La svolta di Trump sul conflitto ucraino, a quanto pare, resta limitata alla retorica. In realtà, al di là delle roboanti critiche a Mosca, il nocciolo del discorso all’Onu era una presa di distanza dalla guerra con relativo scaricabarile sulla sola Europa. Lo ha capito anche la stolida rappresentate degli Esteri Ue Kaja Kallas, che in un’intervista ha dichiarato: “Non possiamo essere solo noi“, Trump deve aiutarci.

Peraltro, che fosse quello il punto focale del discorso lo conferma il New York Times: “Grattando la superficie, un desiderio più profondo sembra celarsi nel cambiamento di posizione di Trump […]. Trump sembra volersi lavare le mani del conflitto ucraino, dal momento che non è riuscito a portare il presidente Vladimir Putin al tavolo dei negoziati e ha visto diminuire le sue possibilità di agire come mediatore”.
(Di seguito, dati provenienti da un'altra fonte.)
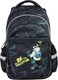 Миниатюра изображения товара Школьный рюкзак Феникс+ Пингвин-сноубордист / 61258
Il rapporto Usa-Russia resta più o meno inalterato, come conferma l’incontro avvenuto in parallelo al’invettiva di Trump, tra il Segretario di Stato Marco Rubio e il ministro degli Esteri russo Sergej Lavrov. A dimostrazione della proficuità del vertice, la risposta di Lavrov a un cronista che gli chiedeva come fosse andata. Nessuna parola, solo un gesto inequivocabile: pollice in sù…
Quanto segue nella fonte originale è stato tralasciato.